(Short text fragments from websites)
====

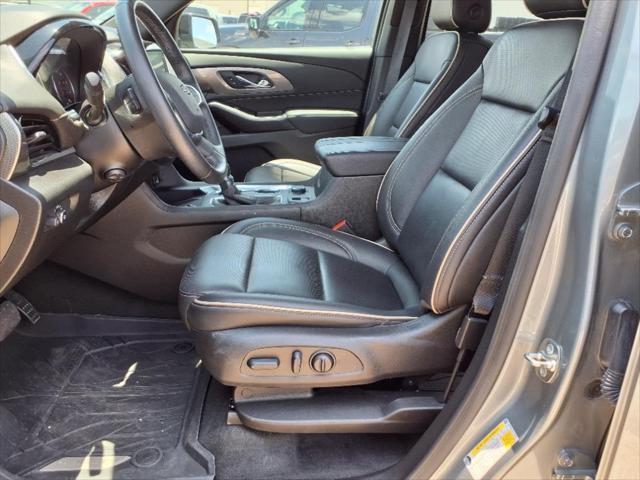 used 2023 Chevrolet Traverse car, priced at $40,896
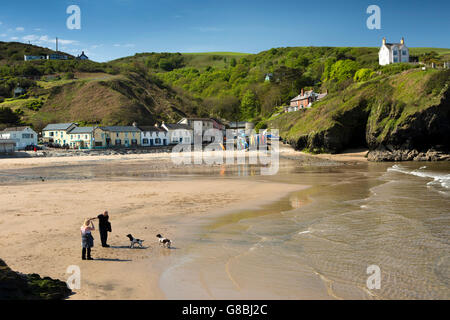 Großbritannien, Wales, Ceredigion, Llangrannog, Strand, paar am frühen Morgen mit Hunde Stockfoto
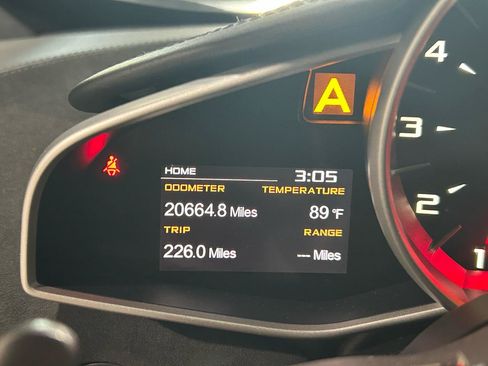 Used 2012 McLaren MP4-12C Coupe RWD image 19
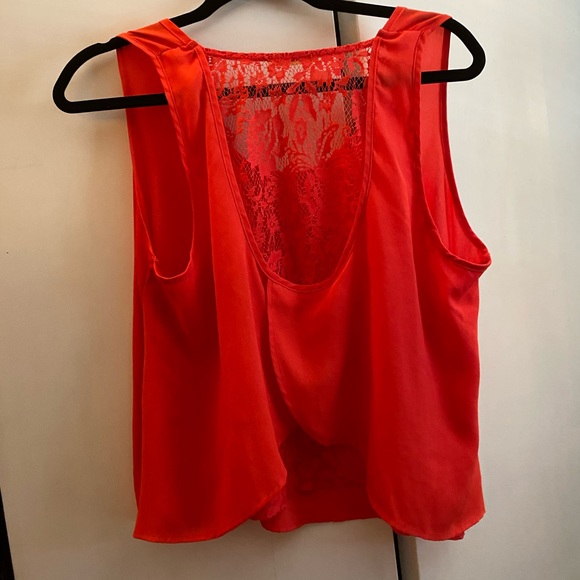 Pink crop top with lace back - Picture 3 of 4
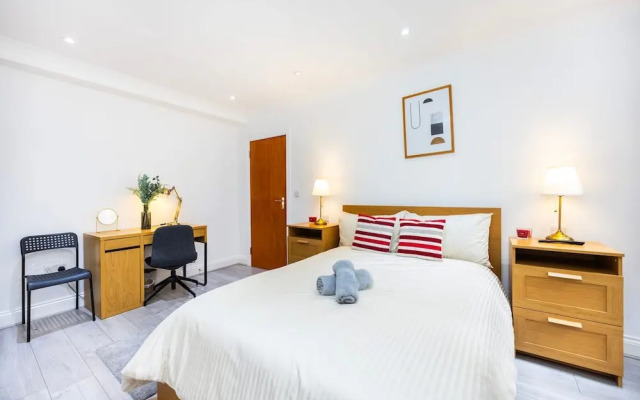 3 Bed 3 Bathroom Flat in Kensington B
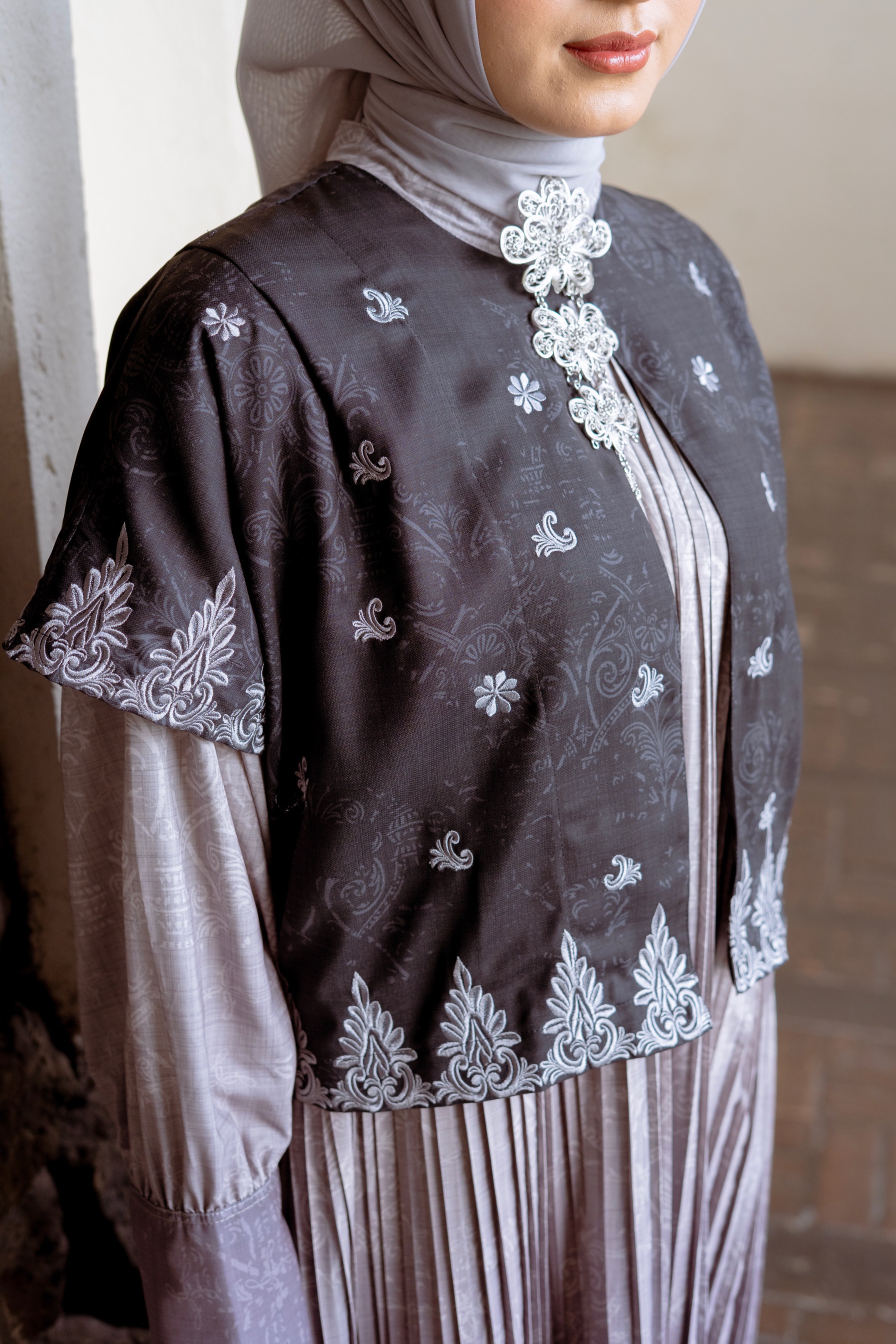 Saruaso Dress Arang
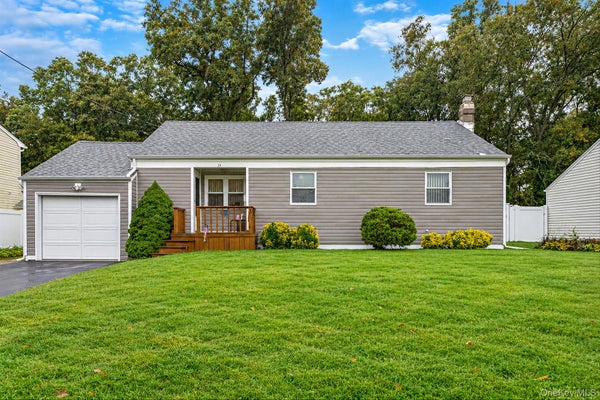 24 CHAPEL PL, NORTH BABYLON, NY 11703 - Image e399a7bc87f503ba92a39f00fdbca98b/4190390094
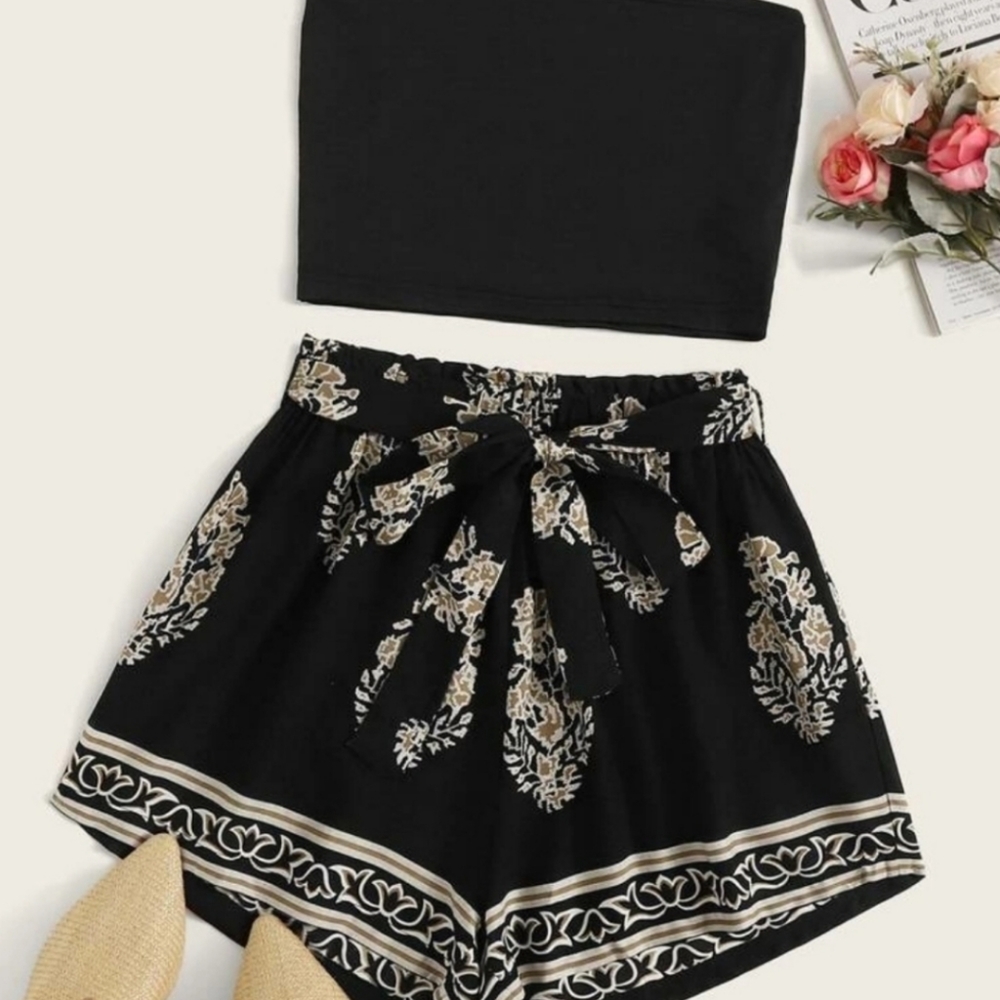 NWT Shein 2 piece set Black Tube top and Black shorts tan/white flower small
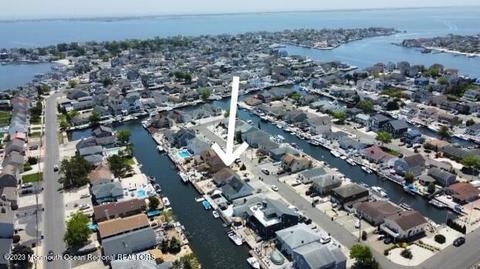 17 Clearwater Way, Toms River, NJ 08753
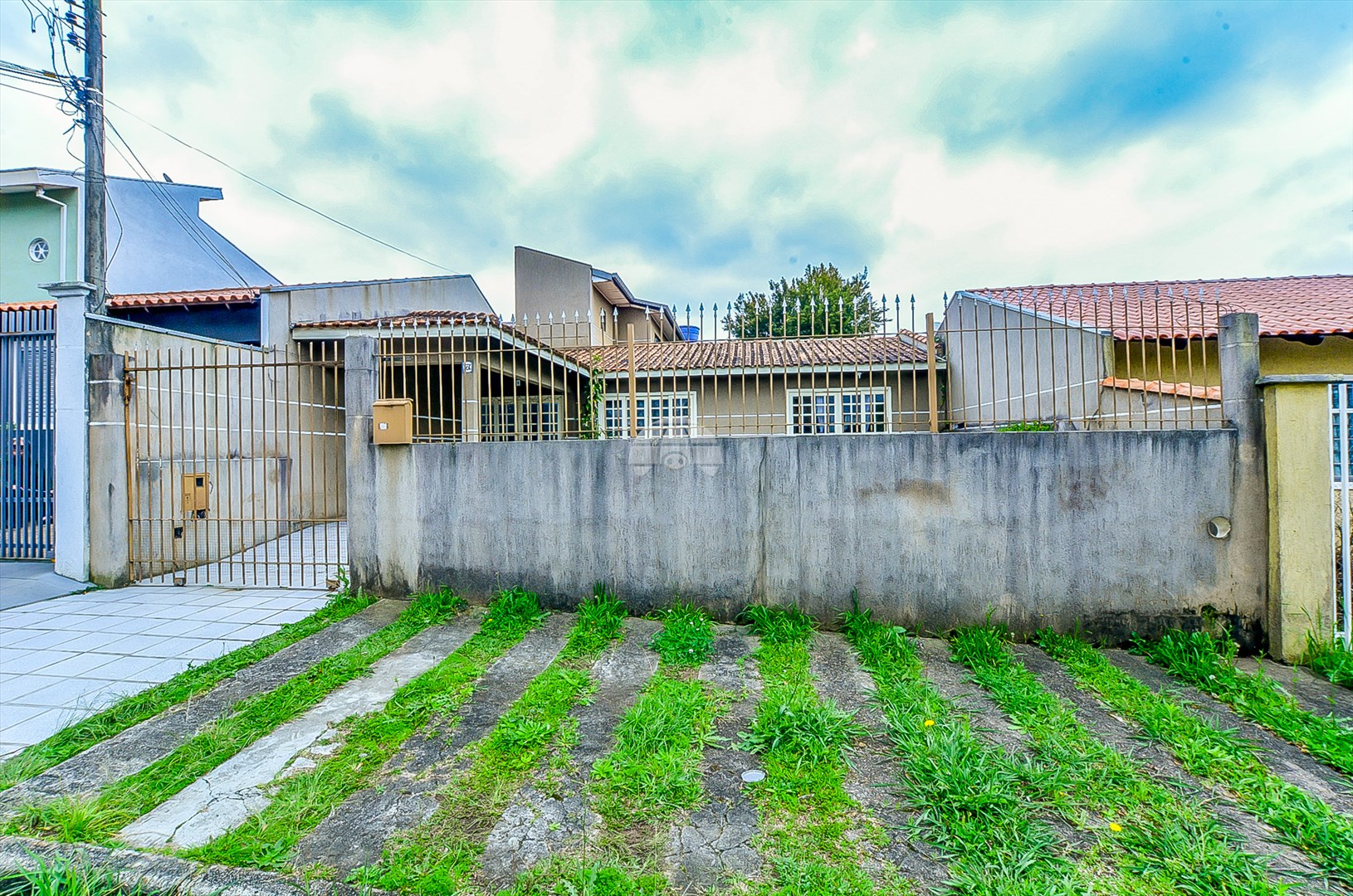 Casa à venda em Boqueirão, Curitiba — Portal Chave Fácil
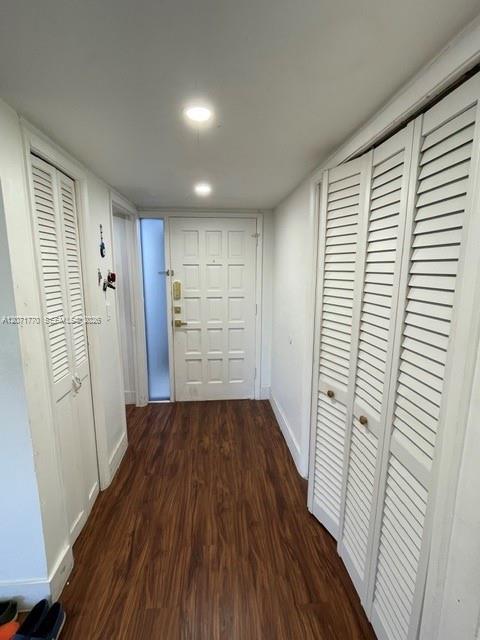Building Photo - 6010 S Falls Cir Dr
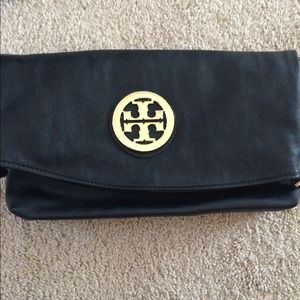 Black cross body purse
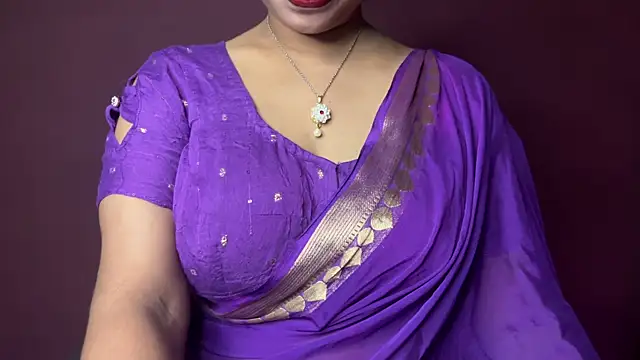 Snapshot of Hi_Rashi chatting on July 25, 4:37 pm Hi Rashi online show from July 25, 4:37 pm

====

The answer must restate every entry word for word, with the pictures left out.

→ Response
 used 2023 Chevrolet Traverse car, priced at $40,896
 Großbritannien, Wales, Ceredigion, Llangrannog, Strand, paar am frühen Morgen mit Hunde Stockfoto
 Used 2012 McLaren MP4-12C Coupe RWD image 19
 Pink crop top with lace back - Picture 3 of 4
 3 Bed 3 Bathroom Flat in Kensington B
 Saruaso Dress Arang
 24 CHAPEL PL, NORTH BABYLON, NY 11703 - Image e399a7bc87f503ba92a39f00fdbca98b/4190390094
 NWT Shein 2 piece set Black Tube top and Black shorts tan/white flower small
 17 Clearwater Way, Toms River, NJ 08753
 Casa à venda em Boqueirão, Curitiba — Portal Chave Fácil
Building Photo - 6010 S Falls Cir Dr
 Black cross body purse
 Snapshot of Hi_Rashi chatting on July 25, 4:37 pm Hi Rashi online show from July 25, 4:37 pm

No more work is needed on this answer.